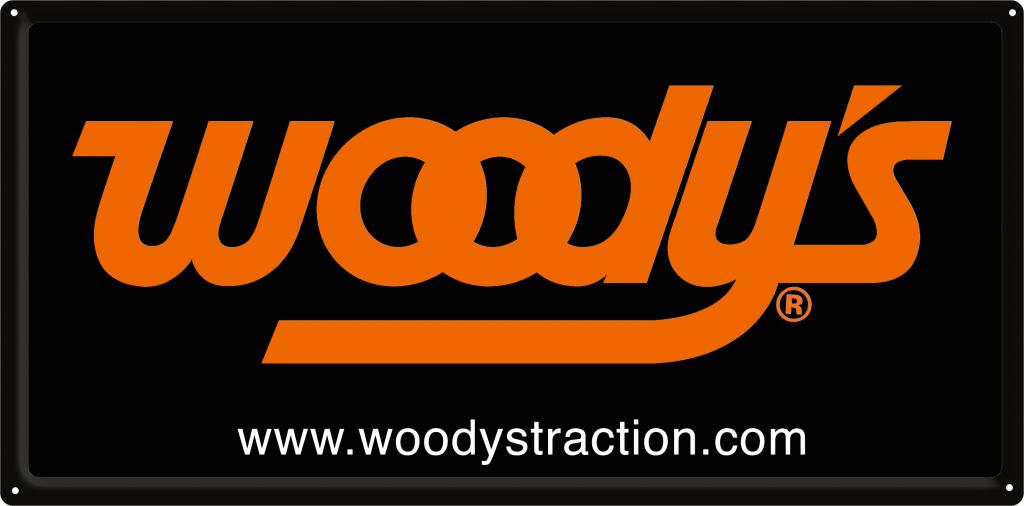Woody's Traction Metal Sign image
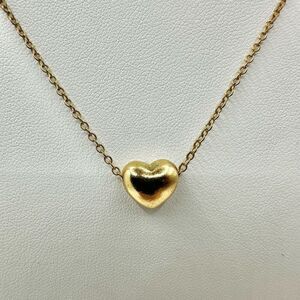 Gold tone heart pendant necklace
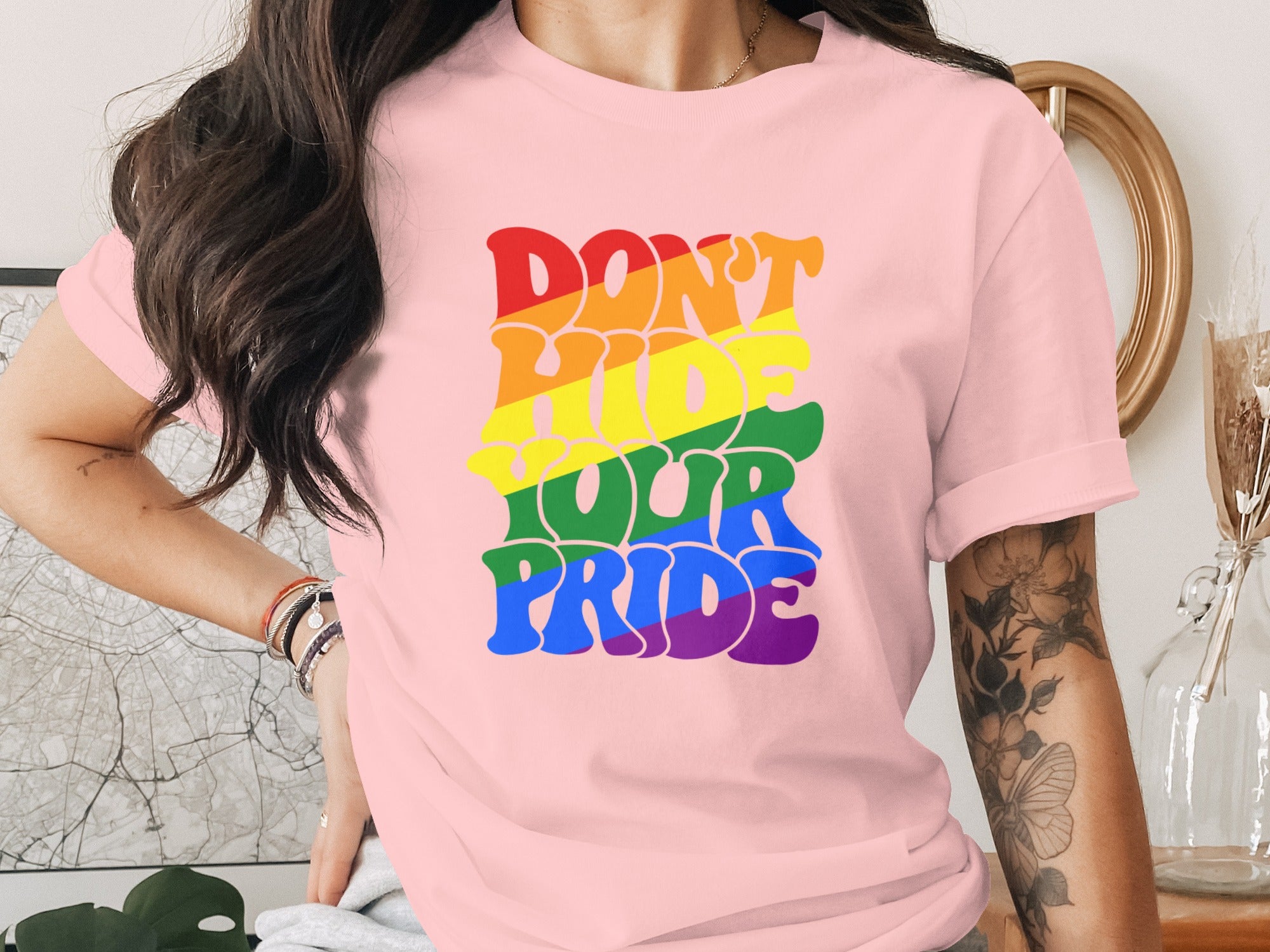 Pink t-shirt with "DON'T HIDE YOUR PRIDE" text in rainbow colors.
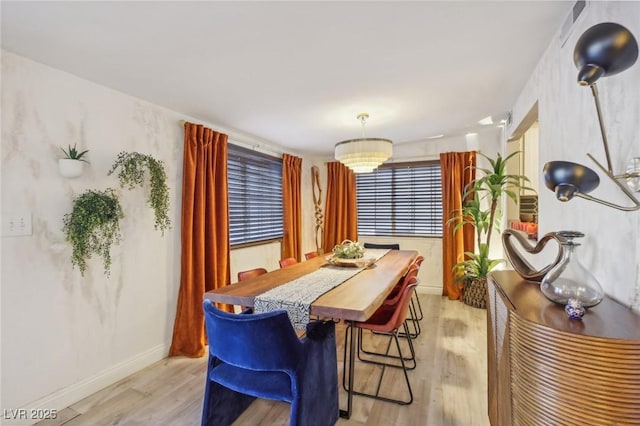 dining room with light wood-type flooring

= = = =

Please produce an exact copy of the listing, omitting the pictures.

Woody's Traction Metal Sign image
 Gold tone heart pendant necklace
 Pink t-shirt with "DON'T HIDE YOUR PRIDE" text in rainbow colors.
 dining room with light wood-type flooring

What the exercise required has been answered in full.